The Heatmap Query
Every second, the App Server polls StarRocks with a spatial aggregation query against the Iceberg table. It takes every raw canvas event, buckets them into a 160×120 grid, and sums the pressure per cell:
SELECT
FLOOR(x / 4.0) AS grid_col,
FLOOR(y / 3.0) AS grid_row,
SUM(pressure) AS intensity,
COUNT(*) AS event_count
FROM canvas_events
WHERE sessionId = 'session-123'
GROUP BY grid_col, grid_row
ORDER BY intensity DESC
StarRocks reads the latest Parquet files from Iceberg (committed by Pulsar every ~3 seconds), scans only the columns it needs, filters by session, and computes the aggregation using its vectorized MPP engine. On this demo workload it completes in ~50ms.
Scalability at Each Layer
⚡
Apache Pulsar
Partitioned topics with horizontal broker scaling and tiered storage. Production clusters handle 1M+ messages/sec per topic, 100K+ topics, and petabytes of tiered storage. Adding producers or consumers needs no reconfiguration — just scale brokers.
🧊
Iceberg + S3
S3 scales to exabytes with no provisioning. Iceberg's metadata layer enables partition pruning — with time + session partitions, a query over 10 billion rows touches only the relevant files. Schema evolution and snapshot isolation come free.
⭐
StarRocks
Vectorized MPP engine. A 3-node cluster handles 10K+ queries/sec on structured data.
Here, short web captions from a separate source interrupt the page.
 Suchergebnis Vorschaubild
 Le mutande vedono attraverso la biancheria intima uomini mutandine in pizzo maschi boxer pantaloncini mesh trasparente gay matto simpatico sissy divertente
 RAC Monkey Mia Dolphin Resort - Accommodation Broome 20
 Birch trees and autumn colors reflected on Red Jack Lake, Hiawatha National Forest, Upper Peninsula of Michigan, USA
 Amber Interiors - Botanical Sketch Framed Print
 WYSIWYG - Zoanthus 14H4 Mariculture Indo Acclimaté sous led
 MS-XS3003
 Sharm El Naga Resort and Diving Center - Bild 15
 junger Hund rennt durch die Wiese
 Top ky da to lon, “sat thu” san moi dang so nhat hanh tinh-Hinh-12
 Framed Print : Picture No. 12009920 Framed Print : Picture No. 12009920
Scales linearly — double the BE nodes, double the throughput. External catalog prunes Iceberg files before scanning, keeping latency under 100ms even at TB scale.
📊
End-to-End Latency
In this demo: ~3s event-to-heatmap (Pulsar commit interval). In production with Pulsar's sub-10ms publish latency, Iceberg 1-second micro-batches, and StarRocks sub-100ms queries, end-to-end latency can be under 2 seconds at scale.